▶ **Activity**: For this exercise, copy exactly the lines below from the one with "Fiat Tipo 1.3 M-Jet Lounge de 2020" through the one with "zara collezione p/e 2012" and leave out the pictures.

▶ **Record extracts**:
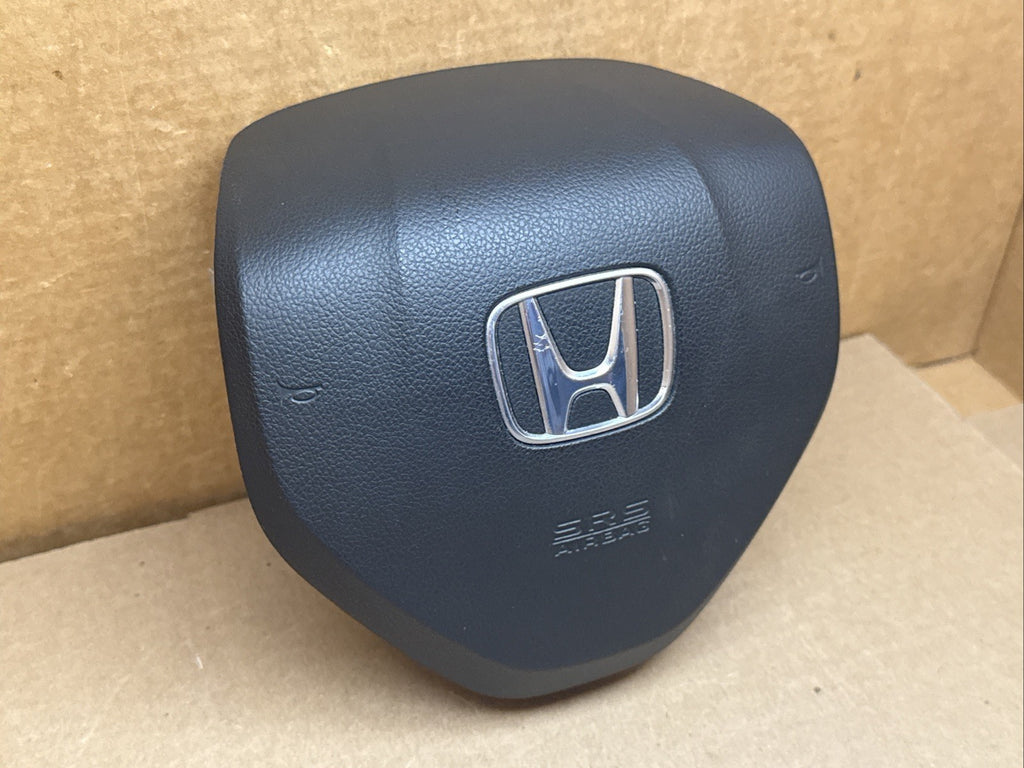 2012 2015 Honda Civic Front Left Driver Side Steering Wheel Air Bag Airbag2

* * *

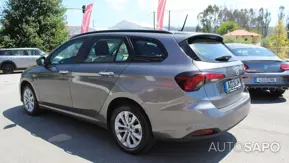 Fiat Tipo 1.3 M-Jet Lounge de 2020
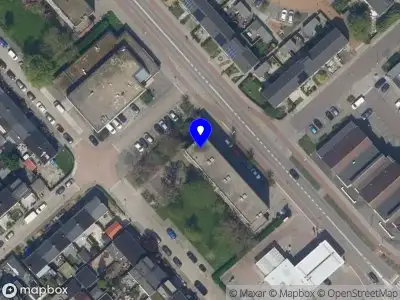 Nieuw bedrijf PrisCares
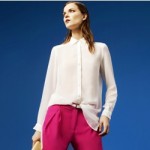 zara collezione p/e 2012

==

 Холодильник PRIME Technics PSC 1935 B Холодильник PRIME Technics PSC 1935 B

▶ **Response for this exercise**:
 Fiat Tipo 1.3 M-Jet Lounge de 2020
 Nieuw bedrijf PrisCares
 zara collezione p/e 2012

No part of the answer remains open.